The answer is that extensions cannot just "look at their dependencies" and expect the corresponding set of extensions to be available - We have to reduce that set somehow

topolarity avatar Aug 22 '24 21:08 topolarity

Kristoffer tried a fix to this in https://github.com/JuliaLang/julia/pull/48674, which made it so that pre-compilation just does not load any extensions at all. However, that ended up reverted as part of https://github.com/JuliaLang/julia/issues/49250 because it means that important functionality (in extensions) can end up unavailable during pre-compilation.

I think it might be sufficient to use a much more specific exception:

An extension being pre-compiled should only load extensions for the individual packages it imports (using Foo).

In particular, using A, B in an extension should only load the extensions that would have been loaded by using A or using B alone.

The idea here is that extensions can't depend on directly triggering other extensions, which prevents cycles, but indirectly triggering them is fine - That way using ModelingToolkit has access to the extensions ModelingToolkit "always" has access to.

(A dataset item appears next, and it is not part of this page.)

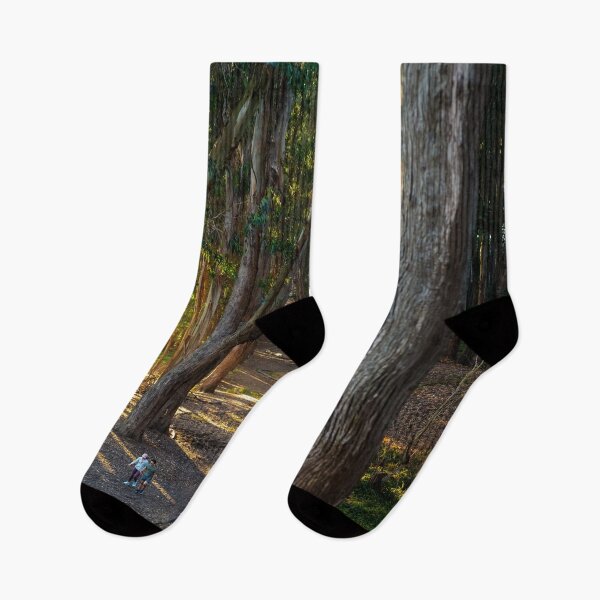 Item preview, Golden Hour Walk Among Eucalyptus Trees - The Presidio, San Francisco designed and sold by World Wondering Travel Photography.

There is one corner case... If the extension you're compiling has all of its triggers in its parent's dependencies (i.e. it always loads immediately after its parent, not very extension-like hah) then we need special handling. These "single-trigger" extensions cannot be loaded for other single-trigger extensions with the same parent (they share the same direct trigger → cyclical)

topolarity avatar Aug 22 '24 22:08 topolarity

I've recently noticed that this warning is triggered even for packages with no cycle:

julia> using Revise
┌ Warning: Circular dependency detected. Precompilation will be skipped for:
│   Base.PkgId(Base.UUID("16a59e39-deab-5bd0-87e4-056b12336739"), "ModelingToolkitStandardLibrary")
│   ...
│   Base.PkgId(Base.UUID("eb713886-0b96-5c41-a09d-5e8967e02f7d"), "ManifoldsBoundaryValueDiffEqExt")
└ @ Base.Precompilation precompilation.jl:560
[ Info: Precompiling Revise [295af30f-e4ad-537b-8983-00126c2a3abe] (cache misses: wrong julia version (2))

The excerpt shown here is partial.